BEGIN DATA EXTRACTS

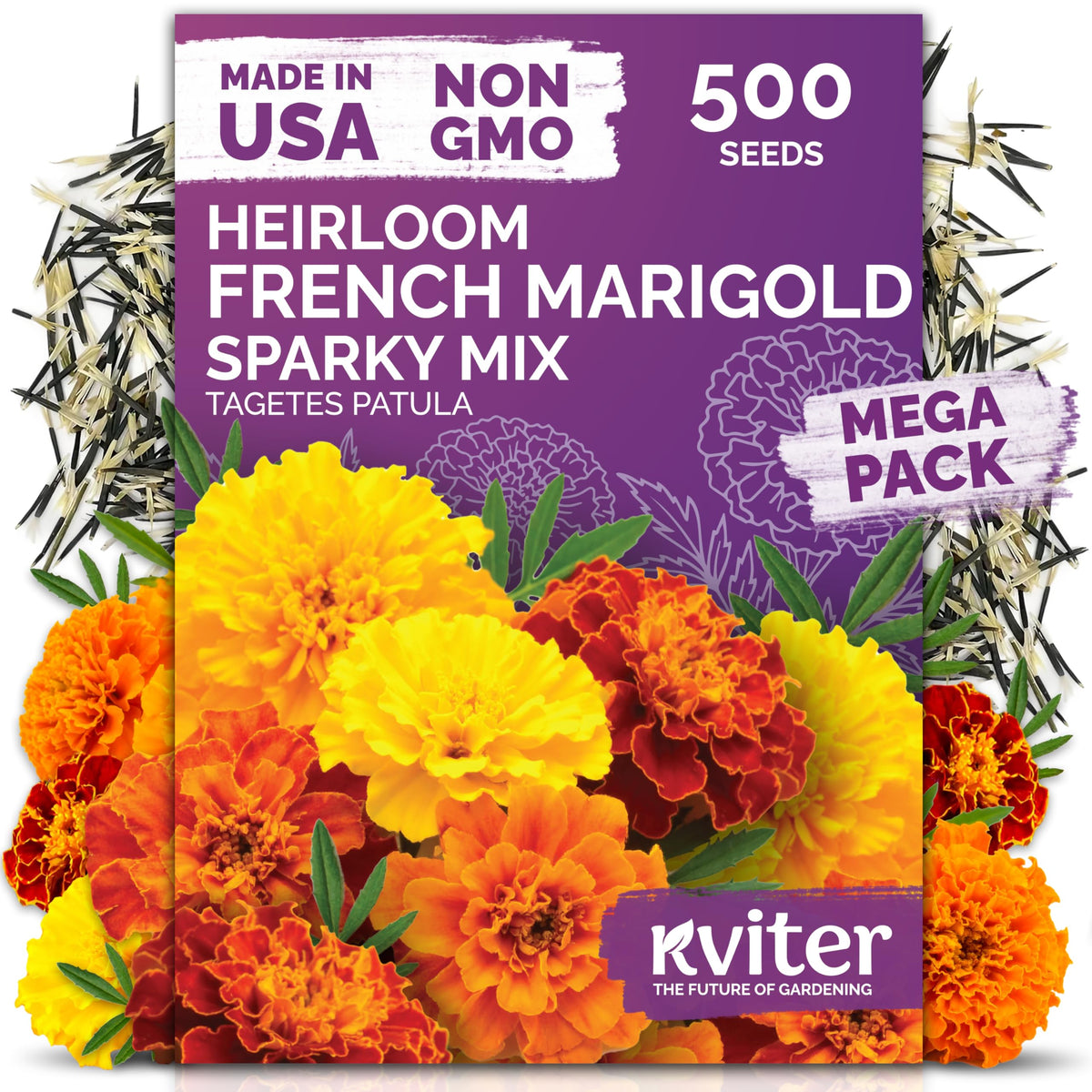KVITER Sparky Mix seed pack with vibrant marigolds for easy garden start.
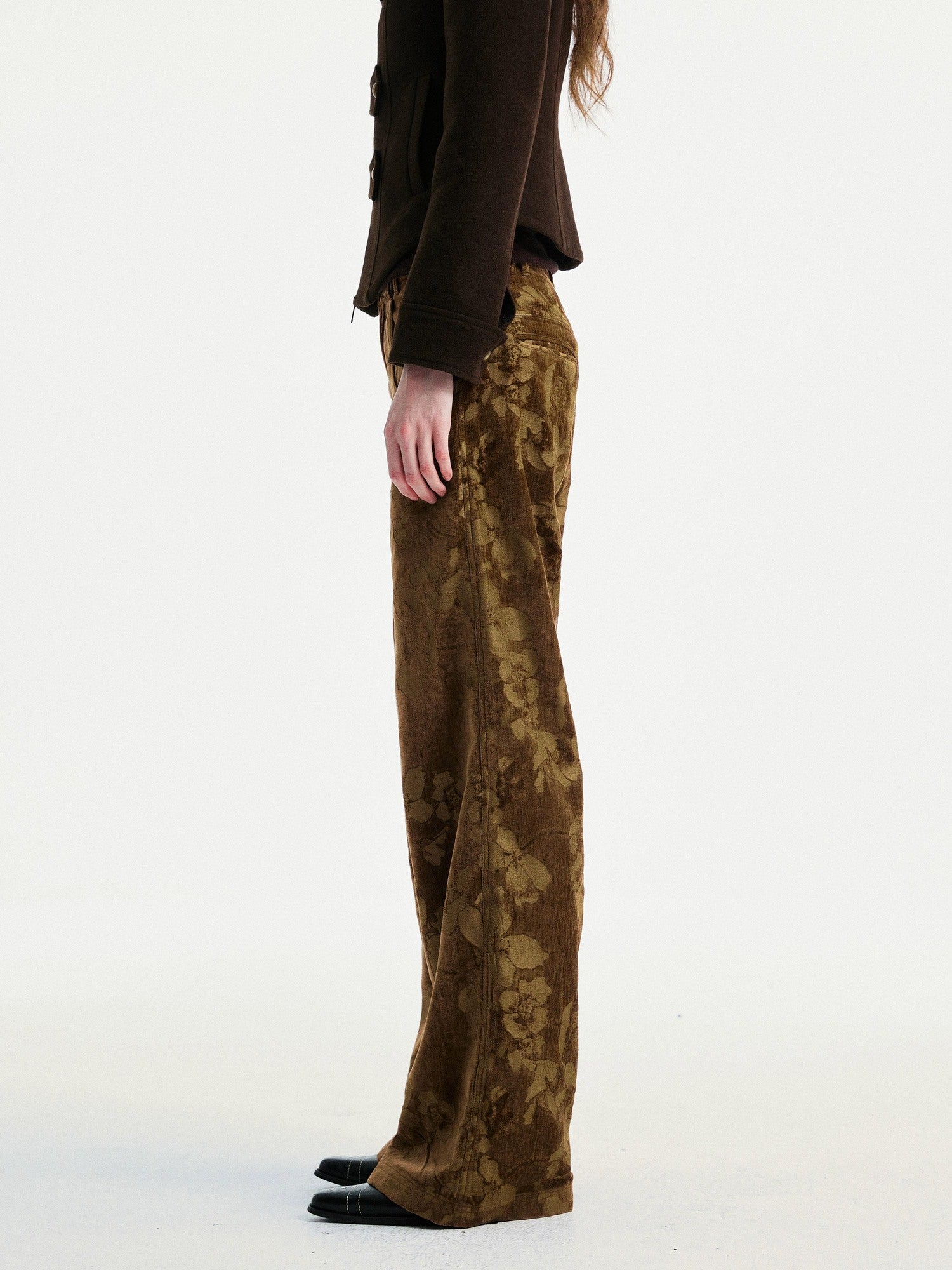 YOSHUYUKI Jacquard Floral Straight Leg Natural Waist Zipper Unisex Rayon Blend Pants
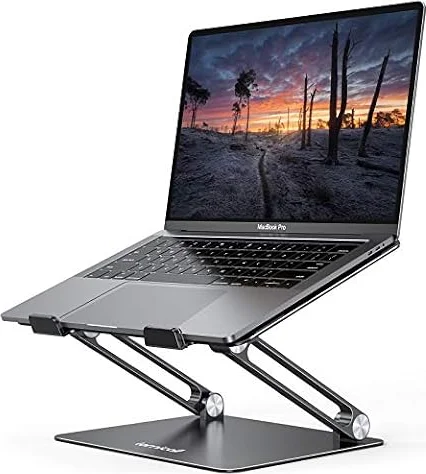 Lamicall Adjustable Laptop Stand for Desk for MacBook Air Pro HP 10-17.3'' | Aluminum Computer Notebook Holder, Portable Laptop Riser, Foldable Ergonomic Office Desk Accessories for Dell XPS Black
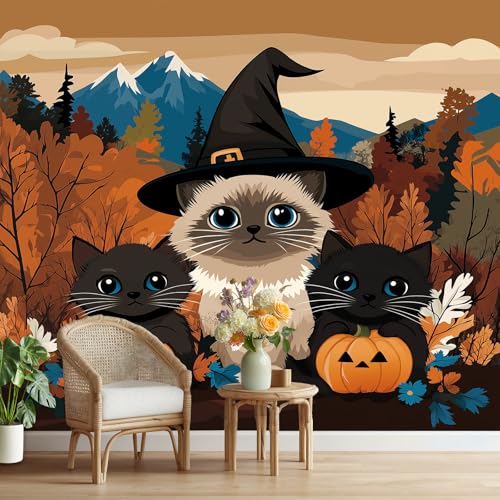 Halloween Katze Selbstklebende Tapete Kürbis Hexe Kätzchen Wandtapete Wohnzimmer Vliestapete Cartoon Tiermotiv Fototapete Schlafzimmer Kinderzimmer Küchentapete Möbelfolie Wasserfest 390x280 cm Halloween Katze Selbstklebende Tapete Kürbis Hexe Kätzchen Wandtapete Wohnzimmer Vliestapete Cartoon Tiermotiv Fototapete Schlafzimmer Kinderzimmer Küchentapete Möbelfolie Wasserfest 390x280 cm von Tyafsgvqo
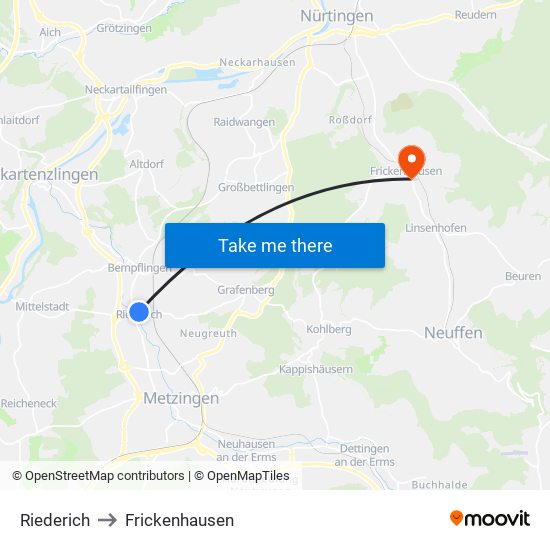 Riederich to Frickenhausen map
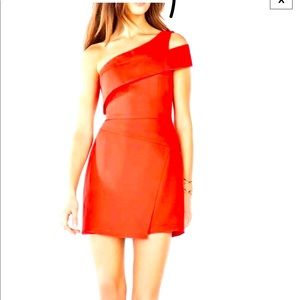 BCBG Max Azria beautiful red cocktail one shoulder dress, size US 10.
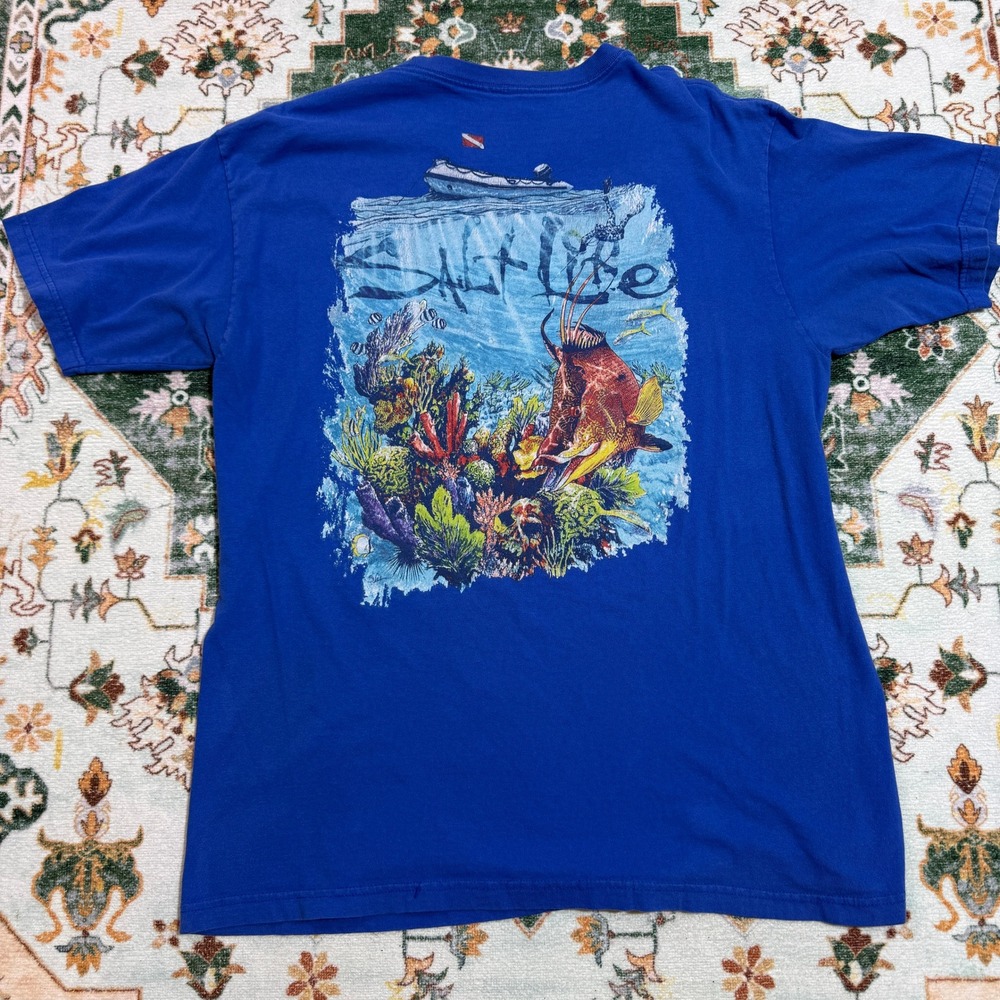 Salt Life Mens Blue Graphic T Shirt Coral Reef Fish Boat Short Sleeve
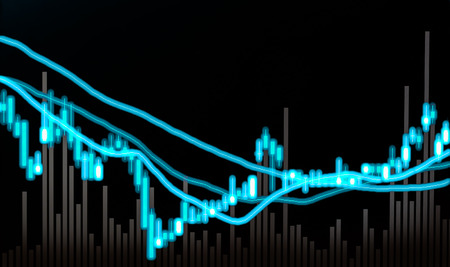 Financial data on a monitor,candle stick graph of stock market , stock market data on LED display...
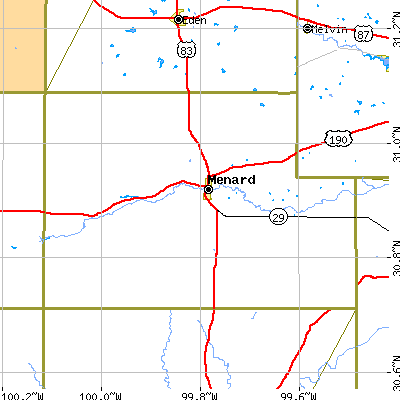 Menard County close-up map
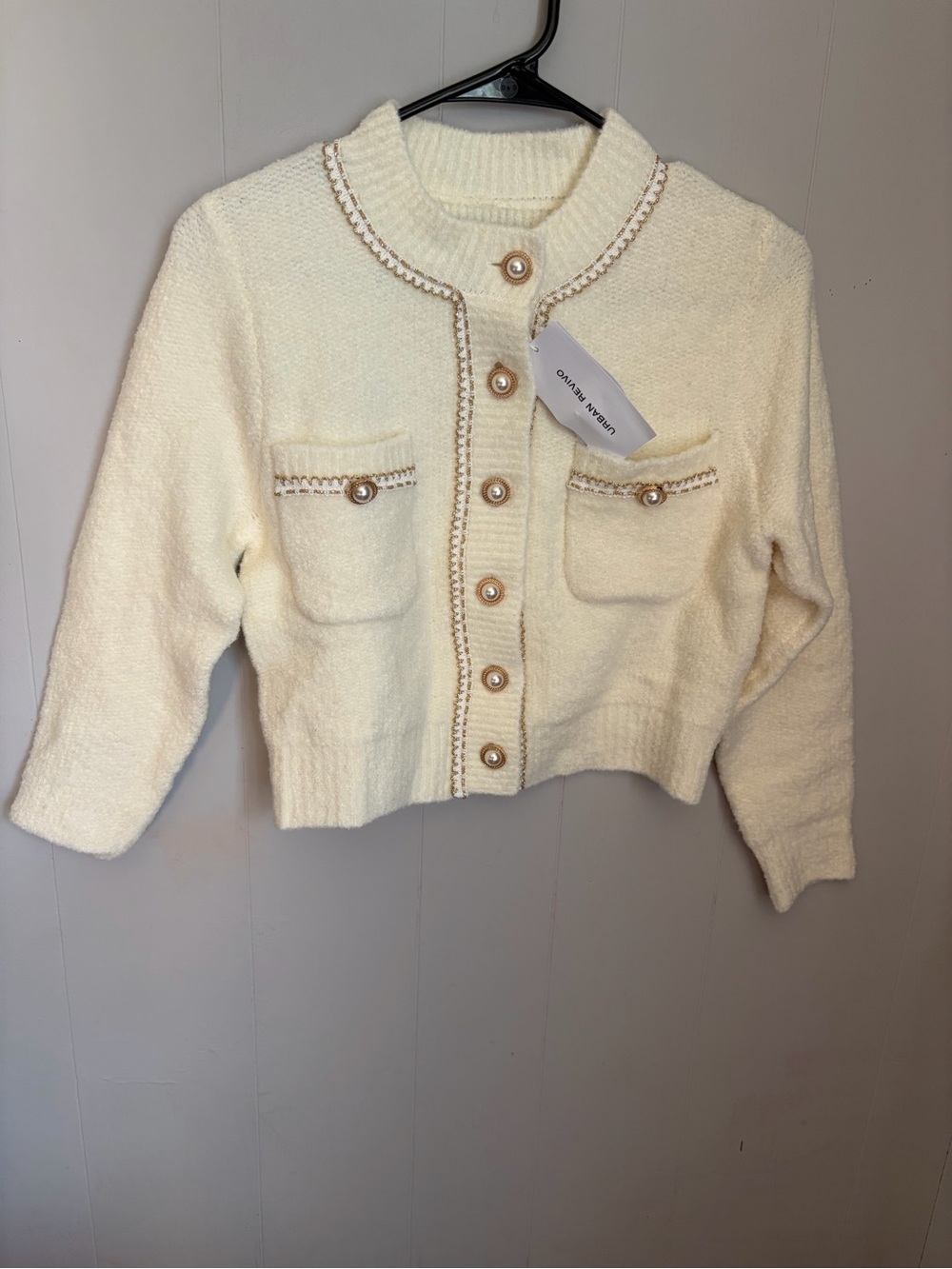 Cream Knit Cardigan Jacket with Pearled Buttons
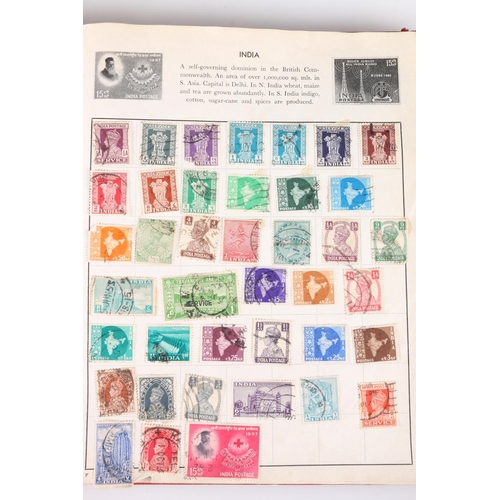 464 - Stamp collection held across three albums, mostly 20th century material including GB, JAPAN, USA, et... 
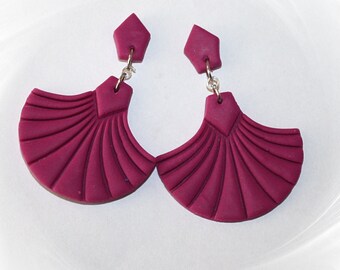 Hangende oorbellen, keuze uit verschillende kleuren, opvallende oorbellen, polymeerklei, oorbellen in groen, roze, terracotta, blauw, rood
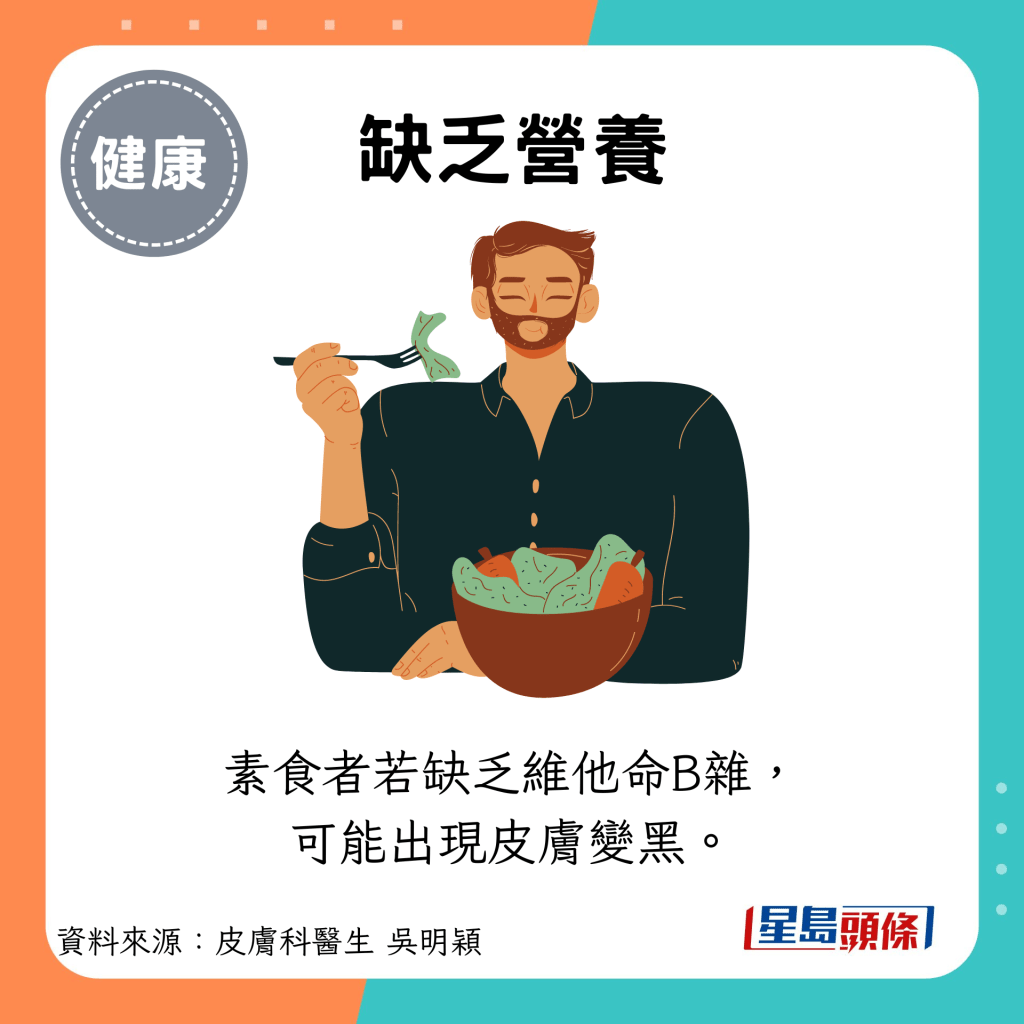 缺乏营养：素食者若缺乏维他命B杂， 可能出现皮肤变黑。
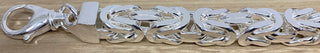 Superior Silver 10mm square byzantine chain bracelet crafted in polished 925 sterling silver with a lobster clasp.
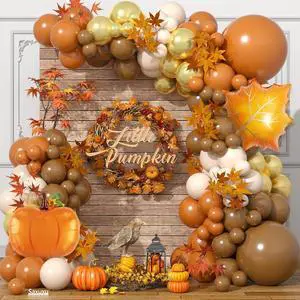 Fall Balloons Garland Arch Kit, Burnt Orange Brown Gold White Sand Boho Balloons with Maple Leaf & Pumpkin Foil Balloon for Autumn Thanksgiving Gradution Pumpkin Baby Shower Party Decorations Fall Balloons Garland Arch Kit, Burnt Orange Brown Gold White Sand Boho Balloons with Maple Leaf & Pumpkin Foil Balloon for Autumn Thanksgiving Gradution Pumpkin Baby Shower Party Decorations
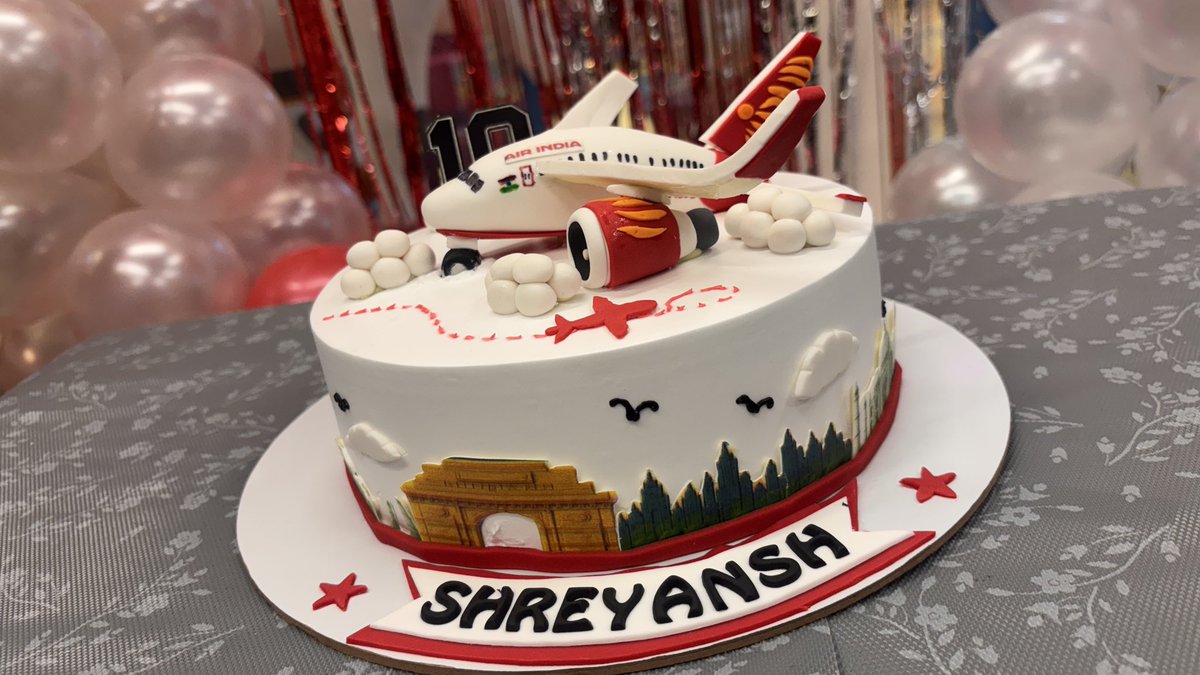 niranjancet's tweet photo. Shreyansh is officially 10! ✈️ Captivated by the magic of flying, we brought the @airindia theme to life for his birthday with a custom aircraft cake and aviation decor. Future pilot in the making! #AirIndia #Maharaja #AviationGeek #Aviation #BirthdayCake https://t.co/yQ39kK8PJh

END DATA EXTRACTS

* _REQUIREMENT_: In the records above, find the line that contains "464 - Stamp" and retype it and all lines after it exactly, leaving out any pictures.

* _WRITTEN SOLUTION_:
 464 - Stamp collection held across three albums, mostly 20th century material including GB, JAPAN, USA, et... 
 Hangende oorbellen, keuze uit verschillende kleuren, opvallende oorbellen, polymeerklei, oorbellen in groen, roze, terracotta, blauw, rood
 缺乏营养：素食者若缺乏维他命B杂， 可能出现皮肤变黑。
 Superior Silver 10mm square byzantine chain bracelet crafted in polished 925 sterling silver with a lobster clasp.
 Fall Balloons Garland Arch Kit, Burnt Orange Brown Gold White Sand Boho Balloons with Maple Leaf & Pumpkin Foil Balloon for Autumn Thanksgiving Gradution Pumpkin Baby Shower Party Decorations Fall Balloons Garland Arch Kit, Burnt Orange Brown Gold White Sand Boho Balloons with Maple Leaf & Pumpkin Foil Balloon for Autumn Thanksgiving Gradution Pumpkin Baby Shower Party Decorations
 niranjancet's tweet photo. Shreyansh is officially 10! ✈️ Captivated by the magic of flying, we brought the @airindia theme to life for his birthday with a custom aircraft cake and aviation decor. Future pilot in the making! #AirIndia #Maharaja #AviationGeek #Aviation #BirthdayCake https://t.co/yQ39kK8PJh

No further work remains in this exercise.